22nd Sunday in Ordinary Time
Well did Isaiah the Prophet hit the nail on the head when he wrote about cups and jugs and kettles and beds: “This people honor me with their lips but their hearts are far from me.” Jesus uses this text when asked why His disciples did not adhere to the traditions of the elders as followed by the Pharisees and scribes. Obviously, Jesus is deeply offended by those who would obey the law and the traditions not to please Him but to be seen and admired by a world that seeks self-glorification which, in essence, obliterates every otherwise worthy endeavor or attitude. Love for God is not found in laws and statutes, in rituals and outward displays of adherence to the mandates of tradition; love for God is found in a pure and selfless heart that seeks only the good as manifested by compassion, integrity, truth and peace-filled justice. To grow more like God we must put aside the trappings of this world, reflect the goodness of God and focus our gaze on the Person of Christ who does not desire sacrifice or oblation, or the fundamentals of tradition, but rather, a heart contrite and pure, loving and true.
There are countless words given to what it means to love God with a pure and selfless love, to love and live as the popular quote from the secular Little Prince written by the French aristocrat and aviator Antoine de Sainte Exupery, gently proclaims: “It is only with the heart that one can see rightly; what is essential is invisible to the human eye.” In the Book of Samuel, we hear God say of one of Jesse’s sons featured to be the successor to Saul: “Look not on his countenance, or on the height of his stature because I have refused him: for the Lord sees not as man sees; man looks on the outward appearance, but the Lord looks on the heart.” We look at the outside because that is all we can see, but as the first Book of Kings reminds us: “You alone O God, know our hearts.”
When Jesus taught the Sermon on the Mount, he began with the Beatitudes where it seems that He turned all contemporary attitudes of His time upside down and that is true of this age as well. What could appear more contradictory than statements such as these: “Blessed are the poor in spirit, for the kingdom of heaven is theirs; blessed are the meek for they shall inherit the earth; blessed are those who hunger and thirst for righteousness, for they will be satisfied; blessed are the pure in heart, for they shall see God.” These statements are a far cry from following traditions that have no heart.

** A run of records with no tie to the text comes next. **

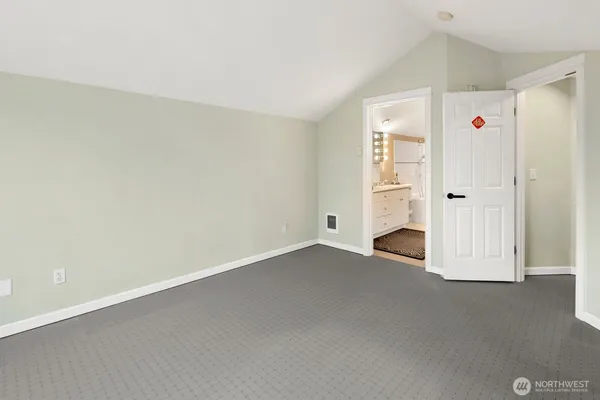 an empty room with windows and yard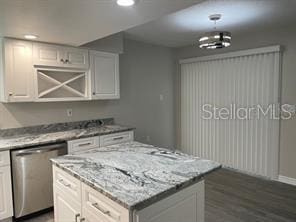 kitchen featuring dishwasher, white cabinetry, and light stone countertops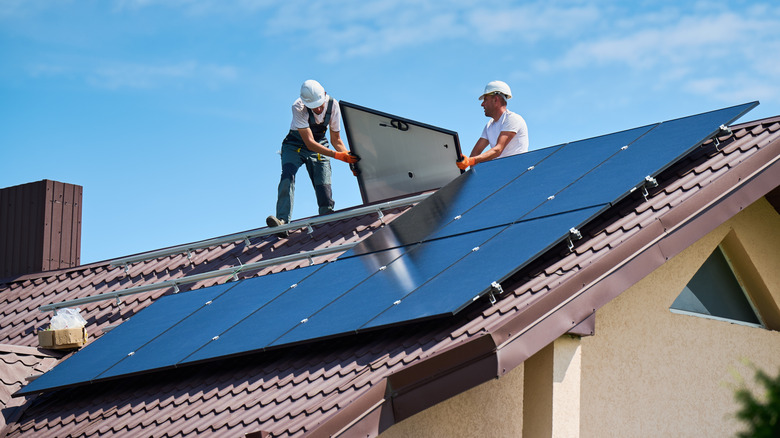 Installers fitting solar panels to a house's roof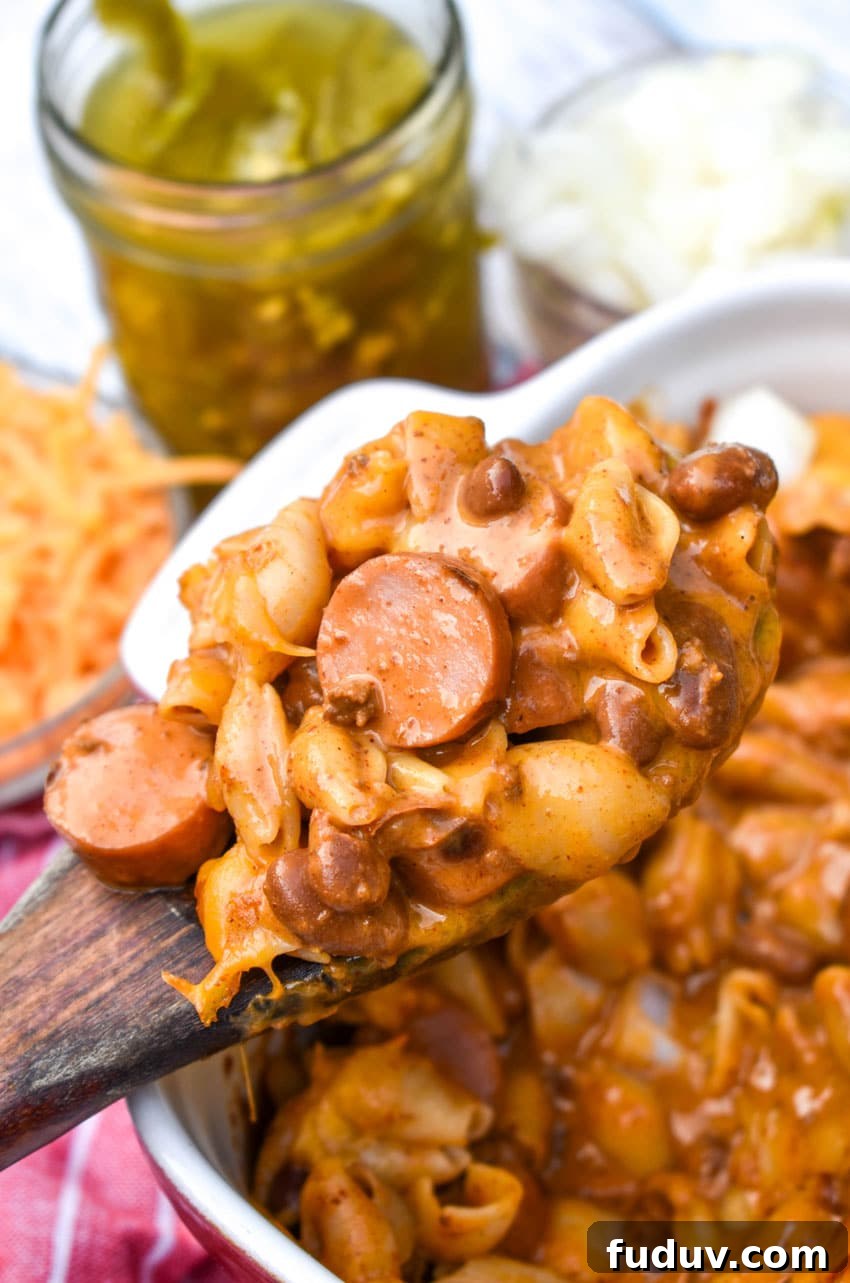 Chili Dog Mac & Cheese from a Box — Quick Classic Recipe 5 a wooden spoon holding up a scoop of chili dog mac and cheese with hot dogs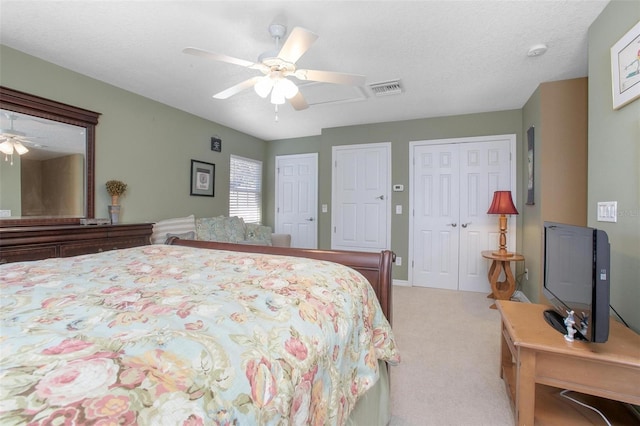 bedroom with light carpet, a textured ceiling, and ceiling fan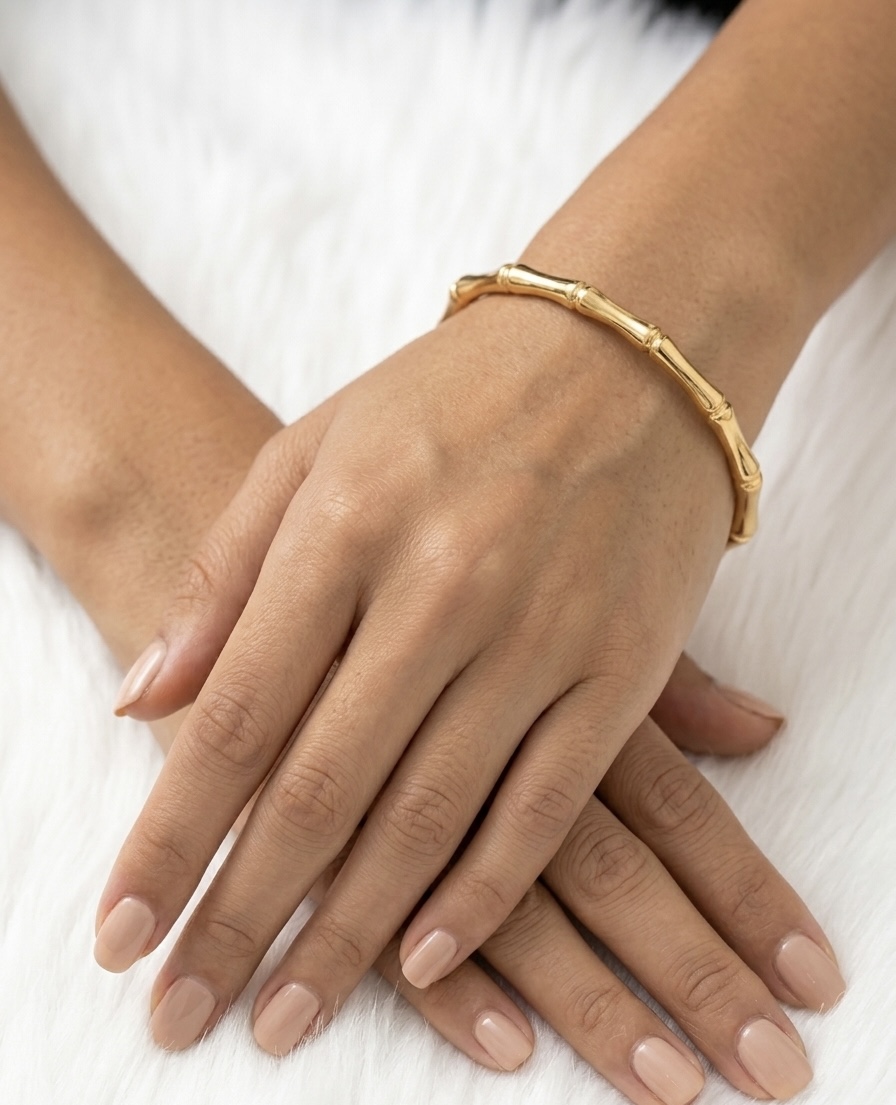 Gold bangle on hand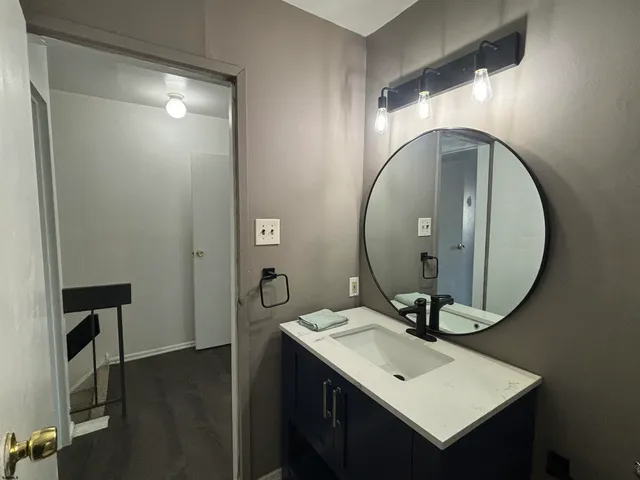 a bathroom with a sink mirror and vanity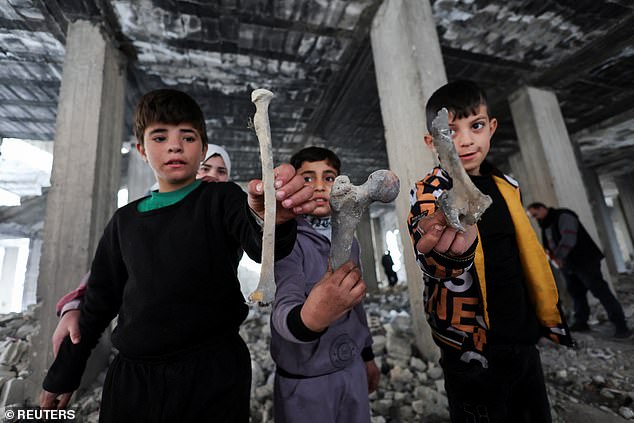 Children hold bones of various shapes found in the Tadamon district, littered with remains after what residents and rights groups described as years of killings there under the rule of Syria's Bashar al-Assad.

How providential that THE man of civil rights, Martin Luther King Jr. so eloquently proclaimed all those many years later: “A man should be judged by the content of his character and not by the color of his skin.” Would that we could internalize this truth today and follow his advice! It would spare the life of many a human person so that he/she might live to love all the more!
I have always loved the writings of Bishop Fulton J. Sheen and I share one of his reflections with you now because it gives me insight into what a heart should hold and why it is of such significance to the God who created it. He writes: “Look at your heart! It tells the story of why you were made. It is not perfect like a Valentine Heart that is perfect and regular in contour; it is slightly irregular in shape as if a small piece of it were missing out of its side. That missing part may very well symbolize a piece that a spear tore out of the Universal Heart of Humanity on the Cross but it probably symbolized something more. I think the real meaning is that when God made your human heart, He found it so good and so lovable that He kept a small sample of it in heaven. He sent the rest of it into this world of time, where it would each day learn the lesson that it can never be really happy, that it can never be really wholly in love, that it can never be really whole-hearted until it rests with the Risen Christ in an Eternal Easter. In order to be really peaceful, in order to be really whole-hearted, you must go back again to God to recover the piece He has been keeping for you from all eternity!” This may seem somewhat sentimental or fictional; well, if that is how you choose to view these words I suppose it does have an element of fantasy but it also expresses a great deal more than fantasy’s allure. Saint Augustine writes: “Our hearts are restless until they rest in Thee.” So, whether it is Augustine or Sheen, King or de Sainte Exupery, Samuel or Isaiah, be assured that the only thing that matters is to know where your treasure is, for that is where your heart resides.